Re: [patch, avr, pr71676 and pr71678] Issues with casesi expand

2016-10-19 Thread Pitchumani Sivanupandi

On Wednesday 19 October 2016 07:51 PM, Georg-Johann Lay wrote:

On 17.10.2016 09:27, Pitchumani Sivanupandi wrote:

On Thursday 13 October 2016 08:42 PM, Georg-Johann Lay wrote:

On 13.10.2016 13:44, Pitchumani Sivanupandi wrote:

On Monday 26 September 2016 08:19 PM, Georg-Johann Lay wrote:

On 26.09.2016 15:19, Pitchumani Sivanupandi wrote:

Attached patch for PR71676 and PR71678.

PR71676 is for AVR target that generates wrong code when switch 
case index is

more than 16 bits.

Switch case index of larger than SImode are checked for out of 
range before
'casesi' expand. RTL expand of casesi gets index as SImode, but 
index is

compared in HImode and ignores upper 16bits.

Attached patch changes the expansion for casesi to make the index 
comparison

in SImode and code generation accordingly.

PR71678 is ICE because below pattern in 'casesi' is not recognized.
(set (reg:HI 47)
 (minus:HI (subreg:HI (subreg:SI (reg:DI 44) 0) 0)
   (reg:HI 45)))

Fix of PR71676 avoids the above pattern as it changes the comparison
to SImode.


But this means that all comparisons are now performed in SImode 
which is a
great performance loss for most programs which will switch on 
16-bit values.


IMO we need a less intrusive (w.r.t. performance) approach.


Yes.

I tried to split 'casesi' into several based on case values so that 
compare is

done
in less expensive modes (i.e.
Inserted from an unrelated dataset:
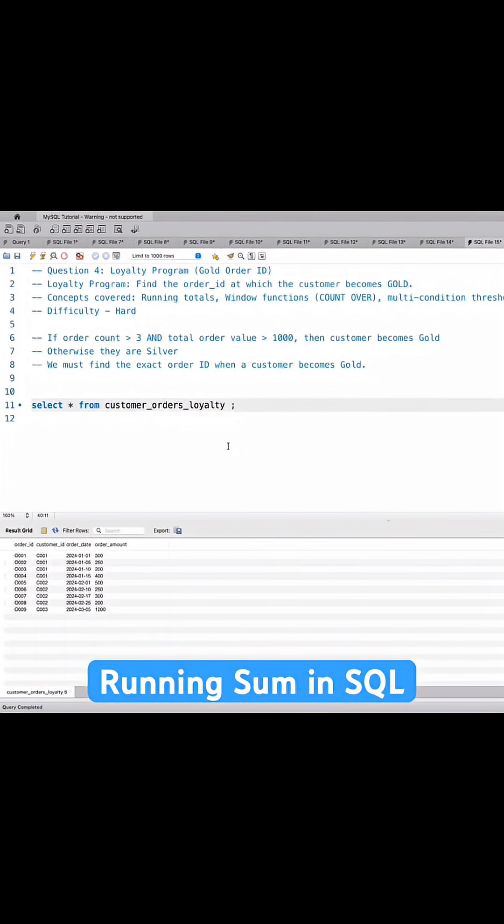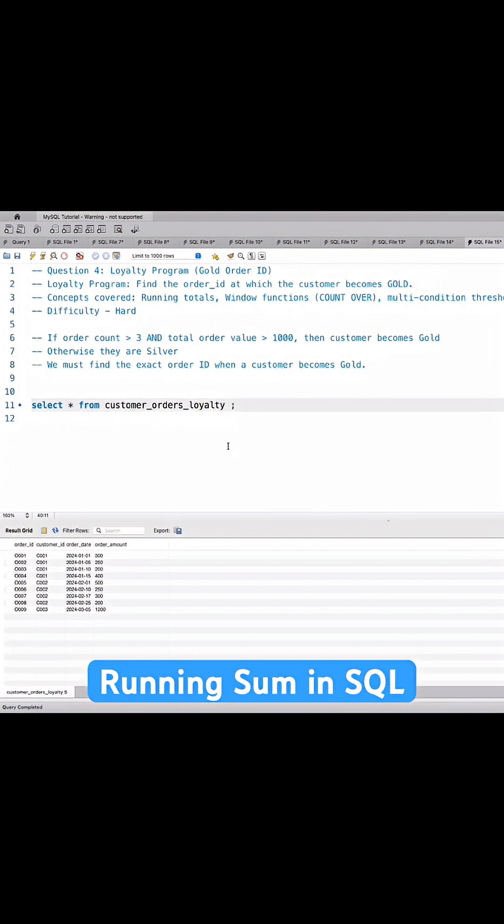We have to find the order ID at which a customer becomes gold. A customer becomes gold if the order count is greater than 3 and total order value is greater than 1000. If both conditions are satisfied, then only the customer becomes gold from silver, otherwise they remain at silver. So we have to find the exact order ID when each customer becomes gold.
QI or HI). In few cases it is not 
possible

without
SImode subtract/ compare.

Pattern casesi will have index in SI mode. So, out of range checks 
will be

expensive
as most common uses (in AVR) of case values will be in QI/HI mode.

e.g.
  if case values in QI range
if upper three bytes index is set
  goto out_of_range

offset = index - lower_bound (QImode)
if offset > case_range   (QImode)
  goto out_of_range
goto jump_table + offset

  else if case values in HI range
if index[2,3] is set
  goto out_of_range

offset = index - lower_bound (HImode)
if offset > case_range   (HImode)
  goto out_of_range
goto jump_table + offset

This modification will not work for the negative index values. 
Because code to

check
upper bytes of index will be expensive than the SImode subtract/ 
compare.


So, I'm trying to update fix to have SImode subtract/ compare if 
the case

values include
negative integers. For, others will try to optimize as mentioned 
above. Is that

approach OK?


But the above code will be executed at run time and add even more 
overhead,
or am I missing something?  If you conclude statically at expand 
time from
the case ranges then we might hit a similar problem as with the 
original

subreg computation.


No. Lower bound and case range are const_int_operand, known at 
compile time.


Yes, but if the range if form 10 to 90, say, then you still don't know 
whether HImode and QImode is appropriate or not which adds to code 
size and register pressure.


As I mentioned earlier, I am working on a different approach which 
would revert your changes:  The casesi is basically unaltered (except 
for operand clean-ups and avoidance of clobbering subregs).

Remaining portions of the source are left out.